In Stephens v. Isabella Geriatric Ctr., Inc., 2019 NY Slip Op 08795 (App. Div. 1st Dept. Dec. 10, 2019), the court unanimously affirmed the dismissal, by summary judgment, of plaintiff’s retaliation claims under the New York State and City Human Rights Laws.
In this case, plaintiff alleged that he was terminated from his employment at defendant as a certified nursing assistant shortly after he stated, during a performance evaluation meeting, that the director of nursing was “very biased” and that he intended to take a copy of his evaluation “to Human Rights.”

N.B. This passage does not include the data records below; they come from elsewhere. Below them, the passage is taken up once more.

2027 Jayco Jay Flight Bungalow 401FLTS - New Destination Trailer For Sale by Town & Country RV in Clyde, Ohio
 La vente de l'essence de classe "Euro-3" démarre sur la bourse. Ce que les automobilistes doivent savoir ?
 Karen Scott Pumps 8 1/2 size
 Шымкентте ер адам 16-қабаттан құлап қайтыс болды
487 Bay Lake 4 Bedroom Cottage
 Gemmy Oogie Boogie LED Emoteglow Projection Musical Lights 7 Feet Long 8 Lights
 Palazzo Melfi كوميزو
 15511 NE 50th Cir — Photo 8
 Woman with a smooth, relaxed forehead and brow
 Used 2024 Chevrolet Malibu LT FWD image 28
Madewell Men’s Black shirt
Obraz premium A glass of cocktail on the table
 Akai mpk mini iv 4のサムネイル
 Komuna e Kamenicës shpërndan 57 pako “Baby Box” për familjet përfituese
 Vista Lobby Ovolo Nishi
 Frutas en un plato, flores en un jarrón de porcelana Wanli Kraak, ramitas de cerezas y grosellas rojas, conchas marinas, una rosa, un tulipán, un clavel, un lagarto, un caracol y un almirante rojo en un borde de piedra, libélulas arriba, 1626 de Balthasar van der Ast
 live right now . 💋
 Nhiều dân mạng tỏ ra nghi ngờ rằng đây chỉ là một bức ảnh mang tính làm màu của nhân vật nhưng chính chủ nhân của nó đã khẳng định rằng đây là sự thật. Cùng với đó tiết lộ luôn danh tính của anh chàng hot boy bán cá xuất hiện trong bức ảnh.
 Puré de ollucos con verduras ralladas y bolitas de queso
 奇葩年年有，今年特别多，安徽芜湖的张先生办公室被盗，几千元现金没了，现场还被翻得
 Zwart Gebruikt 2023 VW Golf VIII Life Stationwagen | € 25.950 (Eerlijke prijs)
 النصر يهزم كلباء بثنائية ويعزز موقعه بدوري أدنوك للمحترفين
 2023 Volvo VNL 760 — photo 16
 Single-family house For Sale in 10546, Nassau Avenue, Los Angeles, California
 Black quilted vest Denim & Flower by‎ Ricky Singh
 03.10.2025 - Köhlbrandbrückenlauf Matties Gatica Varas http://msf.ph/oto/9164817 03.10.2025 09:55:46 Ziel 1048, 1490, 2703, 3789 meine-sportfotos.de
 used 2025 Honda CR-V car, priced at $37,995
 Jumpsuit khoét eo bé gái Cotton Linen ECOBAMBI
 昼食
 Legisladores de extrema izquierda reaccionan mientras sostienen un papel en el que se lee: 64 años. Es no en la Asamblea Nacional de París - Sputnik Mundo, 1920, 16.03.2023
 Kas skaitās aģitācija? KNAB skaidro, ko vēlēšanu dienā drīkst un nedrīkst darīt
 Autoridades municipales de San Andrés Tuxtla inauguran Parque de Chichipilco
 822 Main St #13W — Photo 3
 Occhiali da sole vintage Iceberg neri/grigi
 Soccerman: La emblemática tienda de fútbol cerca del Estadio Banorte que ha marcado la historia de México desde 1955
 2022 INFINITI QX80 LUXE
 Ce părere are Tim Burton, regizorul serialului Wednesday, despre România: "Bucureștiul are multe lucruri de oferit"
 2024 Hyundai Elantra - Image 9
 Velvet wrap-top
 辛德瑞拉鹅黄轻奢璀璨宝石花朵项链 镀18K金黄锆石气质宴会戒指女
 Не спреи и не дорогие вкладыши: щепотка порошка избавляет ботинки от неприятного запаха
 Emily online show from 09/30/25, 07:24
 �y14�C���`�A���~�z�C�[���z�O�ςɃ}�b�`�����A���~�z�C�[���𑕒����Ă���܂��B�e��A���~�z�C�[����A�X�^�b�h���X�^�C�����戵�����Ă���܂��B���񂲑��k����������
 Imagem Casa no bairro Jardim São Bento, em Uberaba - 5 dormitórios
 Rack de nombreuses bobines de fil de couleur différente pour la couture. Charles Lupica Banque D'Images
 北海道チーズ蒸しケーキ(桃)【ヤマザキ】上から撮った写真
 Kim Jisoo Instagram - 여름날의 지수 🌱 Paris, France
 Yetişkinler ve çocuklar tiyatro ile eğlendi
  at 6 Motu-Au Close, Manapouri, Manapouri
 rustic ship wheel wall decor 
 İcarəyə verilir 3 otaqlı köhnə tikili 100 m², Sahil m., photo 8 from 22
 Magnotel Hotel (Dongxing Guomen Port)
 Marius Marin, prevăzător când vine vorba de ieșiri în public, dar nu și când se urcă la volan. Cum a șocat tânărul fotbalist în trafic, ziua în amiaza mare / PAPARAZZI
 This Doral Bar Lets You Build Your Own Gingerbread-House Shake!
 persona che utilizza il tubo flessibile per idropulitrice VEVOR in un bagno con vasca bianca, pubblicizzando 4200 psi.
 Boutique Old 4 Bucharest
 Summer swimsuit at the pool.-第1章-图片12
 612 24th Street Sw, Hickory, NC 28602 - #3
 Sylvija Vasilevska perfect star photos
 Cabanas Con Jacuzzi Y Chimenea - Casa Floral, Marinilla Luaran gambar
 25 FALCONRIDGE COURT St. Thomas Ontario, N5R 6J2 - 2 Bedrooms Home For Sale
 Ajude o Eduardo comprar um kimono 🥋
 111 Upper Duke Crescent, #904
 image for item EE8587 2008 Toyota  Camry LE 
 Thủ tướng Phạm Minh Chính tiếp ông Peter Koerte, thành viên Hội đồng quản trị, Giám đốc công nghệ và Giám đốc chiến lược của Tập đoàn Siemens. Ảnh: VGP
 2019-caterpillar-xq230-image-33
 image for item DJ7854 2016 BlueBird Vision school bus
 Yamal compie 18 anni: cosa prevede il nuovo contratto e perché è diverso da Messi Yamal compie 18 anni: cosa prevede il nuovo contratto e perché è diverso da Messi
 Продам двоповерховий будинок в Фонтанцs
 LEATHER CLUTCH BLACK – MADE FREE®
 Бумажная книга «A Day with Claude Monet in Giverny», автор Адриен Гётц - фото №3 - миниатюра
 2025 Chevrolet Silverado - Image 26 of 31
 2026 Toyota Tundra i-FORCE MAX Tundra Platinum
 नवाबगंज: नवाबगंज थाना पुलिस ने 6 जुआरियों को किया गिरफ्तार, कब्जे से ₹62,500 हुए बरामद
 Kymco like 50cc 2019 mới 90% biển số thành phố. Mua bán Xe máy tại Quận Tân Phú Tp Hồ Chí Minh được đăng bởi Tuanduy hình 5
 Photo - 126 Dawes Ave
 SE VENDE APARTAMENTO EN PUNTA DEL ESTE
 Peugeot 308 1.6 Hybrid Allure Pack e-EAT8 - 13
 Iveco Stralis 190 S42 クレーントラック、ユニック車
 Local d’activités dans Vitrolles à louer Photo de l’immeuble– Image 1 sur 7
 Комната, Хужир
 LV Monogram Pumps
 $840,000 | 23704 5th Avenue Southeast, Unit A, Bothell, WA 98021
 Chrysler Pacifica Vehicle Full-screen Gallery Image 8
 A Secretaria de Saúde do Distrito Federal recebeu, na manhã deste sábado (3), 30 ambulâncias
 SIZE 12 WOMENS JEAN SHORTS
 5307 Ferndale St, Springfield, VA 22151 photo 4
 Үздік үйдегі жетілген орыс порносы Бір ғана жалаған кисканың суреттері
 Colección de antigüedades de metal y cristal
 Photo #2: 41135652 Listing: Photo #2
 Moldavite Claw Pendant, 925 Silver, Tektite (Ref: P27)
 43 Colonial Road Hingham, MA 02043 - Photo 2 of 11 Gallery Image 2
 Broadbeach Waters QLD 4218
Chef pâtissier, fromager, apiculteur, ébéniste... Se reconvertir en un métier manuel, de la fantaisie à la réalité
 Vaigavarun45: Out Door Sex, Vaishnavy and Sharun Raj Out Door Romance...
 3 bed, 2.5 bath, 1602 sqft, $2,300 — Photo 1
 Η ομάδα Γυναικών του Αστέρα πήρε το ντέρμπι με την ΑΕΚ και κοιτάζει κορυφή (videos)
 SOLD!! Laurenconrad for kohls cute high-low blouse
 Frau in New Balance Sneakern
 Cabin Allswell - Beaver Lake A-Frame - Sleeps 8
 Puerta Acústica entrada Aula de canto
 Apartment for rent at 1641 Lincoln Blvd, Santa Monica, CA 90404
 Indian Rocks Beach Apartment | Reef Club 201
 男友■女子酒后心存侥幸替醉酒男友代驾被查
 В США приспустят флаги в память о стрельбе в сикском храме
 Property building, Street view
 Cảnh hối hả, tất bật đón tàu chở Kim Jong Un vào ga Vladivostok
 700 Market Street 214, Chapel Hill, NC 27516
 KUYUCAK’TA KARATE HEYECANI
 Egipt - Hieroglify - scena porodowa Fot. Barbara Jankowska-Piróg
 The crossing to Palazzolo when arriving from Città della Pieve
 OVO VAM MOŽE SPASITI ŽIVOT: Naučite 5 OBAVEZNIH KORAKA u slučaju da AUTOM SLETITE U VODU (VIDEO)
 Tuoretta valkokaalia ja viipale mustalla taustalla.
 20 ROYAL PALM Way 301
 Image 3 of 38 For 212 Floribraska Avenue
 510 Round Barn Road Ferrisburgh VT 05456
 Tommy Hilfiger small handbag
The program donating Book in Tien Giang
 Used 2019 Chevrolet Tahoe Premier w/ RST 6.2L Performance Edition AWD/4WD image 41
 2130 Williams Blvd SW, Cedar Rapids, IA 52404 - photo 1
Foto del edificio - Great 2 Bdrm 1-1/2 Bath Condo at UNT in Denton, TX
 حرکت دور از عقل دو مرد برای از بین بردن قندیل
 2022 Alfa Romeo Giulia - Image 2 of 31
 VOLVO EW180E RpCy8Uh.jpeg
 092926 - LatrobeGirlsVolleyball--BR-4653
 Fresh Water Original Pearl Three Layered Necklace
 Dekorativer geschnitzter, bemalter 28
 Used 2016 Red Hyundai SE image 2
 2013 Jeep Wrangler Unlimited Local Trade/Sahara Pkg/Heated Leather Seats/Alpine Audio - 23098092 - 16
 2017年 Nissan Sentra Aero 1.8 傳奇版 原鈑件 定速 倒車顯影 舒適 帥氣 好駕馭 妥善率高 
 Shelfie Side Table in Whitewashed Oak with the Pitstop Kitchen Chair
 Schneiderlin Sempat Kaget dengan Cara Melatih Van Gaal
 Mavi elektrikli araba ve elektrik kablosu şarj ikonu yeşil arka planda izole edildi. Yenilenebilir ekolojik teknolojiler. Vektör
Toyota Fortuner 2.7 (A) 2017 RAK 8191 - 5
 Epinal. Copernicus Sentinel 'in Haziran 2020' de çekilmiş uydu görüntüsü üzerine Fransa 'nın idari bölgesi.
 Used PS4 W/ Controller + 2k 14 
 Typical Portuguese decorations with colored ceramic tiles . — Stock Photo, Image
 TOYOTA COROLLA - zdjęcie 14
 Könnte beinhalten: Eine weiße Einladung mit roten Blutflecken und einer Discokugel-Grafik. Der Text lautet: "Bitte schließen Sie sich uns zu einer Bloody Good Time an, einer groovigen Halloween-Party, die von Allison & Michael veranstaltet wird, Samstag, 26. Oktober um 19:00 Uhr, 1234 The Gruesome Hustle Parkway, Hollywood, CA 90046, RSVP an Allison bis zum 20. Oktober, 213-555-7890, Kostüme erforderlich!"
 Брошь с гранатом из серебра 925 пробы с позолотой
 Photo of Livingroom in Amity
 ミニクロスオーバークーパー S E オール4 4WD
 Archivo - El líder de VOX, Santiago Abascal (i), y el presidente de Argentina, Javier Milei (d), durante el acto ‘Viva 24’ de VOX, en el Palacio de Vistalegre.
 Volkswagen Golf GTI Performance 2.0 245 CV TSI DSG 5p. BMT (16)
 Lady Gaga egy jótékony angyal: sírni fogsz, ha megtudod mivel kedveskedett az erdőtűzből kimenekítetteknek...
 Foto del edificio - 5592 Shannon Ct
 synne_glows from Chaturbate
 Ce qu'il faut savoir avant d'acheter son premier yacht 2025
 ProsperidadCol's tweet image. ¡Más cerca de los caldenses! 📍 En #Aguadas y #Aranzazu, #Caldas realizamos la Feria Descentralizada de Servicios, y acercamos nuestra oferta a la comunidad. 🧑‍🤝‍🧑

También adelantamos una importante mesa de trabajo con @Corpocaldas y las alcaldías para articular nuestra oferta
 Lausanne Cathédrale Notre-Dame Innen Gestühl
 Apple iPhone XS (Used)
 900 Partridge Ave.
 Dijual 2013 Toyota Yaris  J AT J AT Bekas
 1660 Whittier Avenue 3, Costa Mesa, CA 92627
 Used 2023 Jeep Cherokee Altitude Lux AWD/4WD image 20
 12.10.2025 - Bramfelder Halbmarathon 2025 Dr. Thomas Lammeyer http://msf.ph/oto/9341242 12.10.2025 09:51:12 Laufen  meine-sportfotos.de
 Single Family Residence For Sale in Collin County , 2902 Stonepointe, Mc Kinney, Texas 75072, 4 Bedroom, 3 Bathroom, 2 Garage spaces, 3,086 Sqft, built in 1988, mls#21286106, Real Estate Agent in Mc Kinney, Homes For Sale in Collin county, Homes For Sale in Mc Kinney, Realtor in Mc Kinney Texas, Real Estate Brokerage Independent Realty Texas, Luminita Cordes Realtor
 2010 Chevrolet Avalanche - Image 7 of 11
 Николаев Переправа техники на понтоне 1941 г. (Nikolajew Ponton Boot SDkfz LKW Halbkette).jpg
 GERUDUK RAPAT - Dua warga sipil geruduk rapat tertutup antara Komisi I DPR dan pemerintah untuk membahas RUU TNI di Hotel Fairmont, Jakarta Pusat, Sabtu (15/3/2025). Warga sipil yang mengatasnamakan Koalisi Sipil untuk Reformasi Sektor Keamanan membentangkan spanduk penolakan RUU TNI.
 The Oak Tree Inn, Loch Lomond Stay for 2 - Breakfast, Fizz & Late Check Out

The court noted that – assuming that plaintiff made out a prima facie case of retaliation – defendants met their burden of proffering legitimate, non-discriminatory reasons for plaintiff’s termination. Specifically:
Defendants submitted numerous written statements and letters from plaintiff’s coworkers to Isabella, spanning more than 10 years, complaining of plaintiff’s insubordinate and aggressive behavior in the workplace, which made them feel threatened. He had previously been suspended for such conduct in 2005, and a nursing supervisor also testified that she had to move several staff members to other units, upon their request, as they did not want to work with plaintiff.
It held that plaintiff, in response, failed to show that defendants’ proffered reasons for suspending and terminating plaintiff were “mere pretexts”, and that plaintiff “did not attempt to refute any of the evidence defendants submitted, which showed that before he was terminated he had engaged in years of inappropriate behavior in violation of the Employee Handbook.”